Commissioned by Meadow Arts (2021) and exhibited at Shrewsbury Museum and Art Gallery (July 2021) and Mead Gallery (October 2021, as part of the Coventry Biennial).

Plough Witches centralises female and non-binary bodies in a reinvention of the traditional ‘plough play’—a seasonal folk drama performed by men in agricultural communities.

The role of women and non-binary people has long been marginalised in the English traditional arts, creating a canon of performances—and with it, an ideal of nationhood—that is strongly male-identified. At the same time, non-male bodies are often problematised / disenfranchised in rural landscapes, felt to be simultaneously vulnerable and potentially dangerous, which leads many women and non-binary people to self-limit their access to wild places, especially when alone. These effects are multiplied for those experiencing intersectional discrimination, e.g. around race and disability.

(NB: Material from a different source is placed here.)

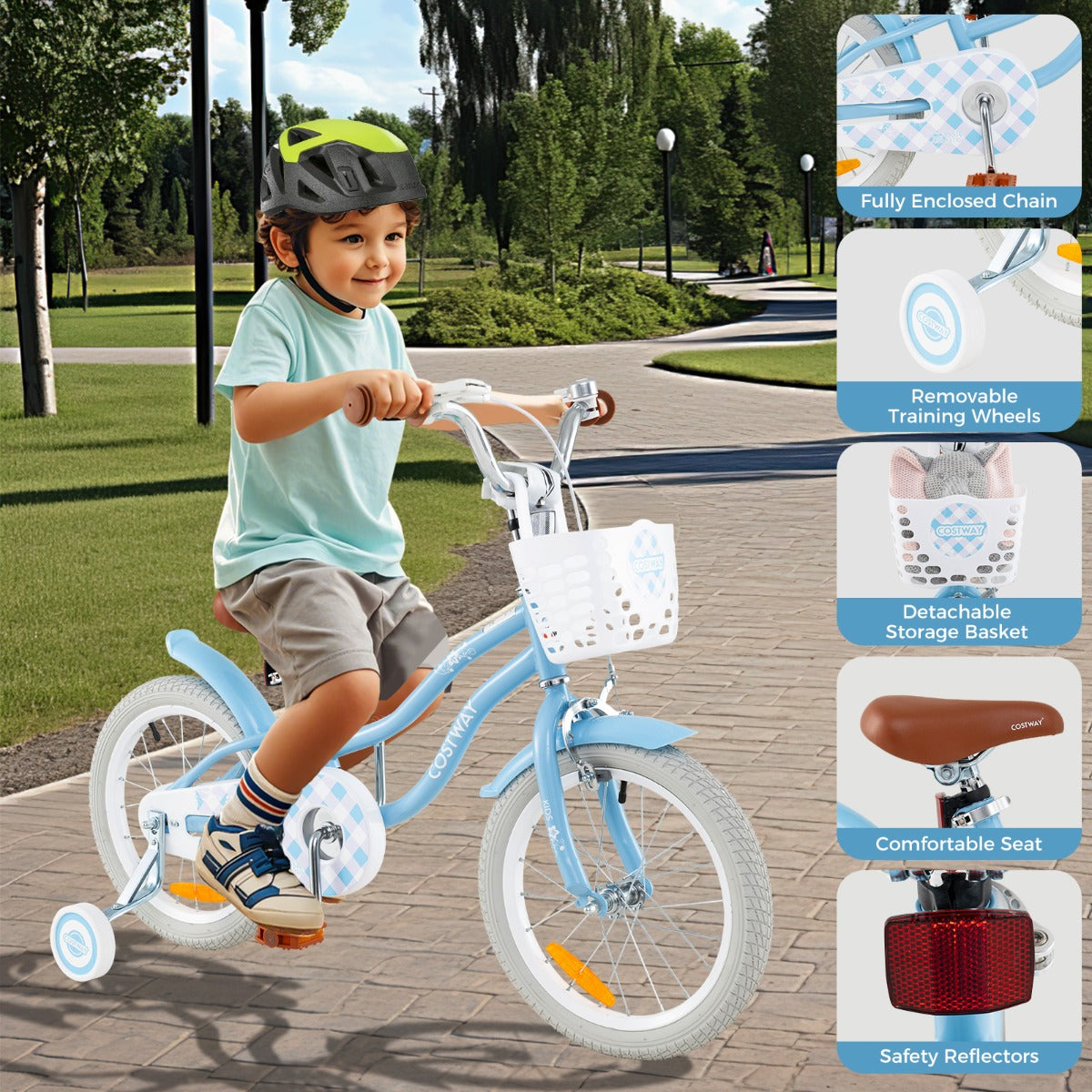 Kids Bike with Front Handbrake and Rear Coaster Brake for 4-7 Years Old-Light Blue-16 inches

My work takes the form of a series of multi-layer digital portraits, drawing on the well-known (male-identified) ‘Wildermann’ images of Charles Fréger and combining photography and digital illustration / collage techniques. Plough plays are informal, pantomime-style performances by amateur actors depicting a battle of good versus evil—in which after a series of trials, good wins out. However, where women and non-binary people are currently excluded from existing performances, Plough Witches emphasises women’s roles as custodians of the landscape and bearers of alternative traditions and customs.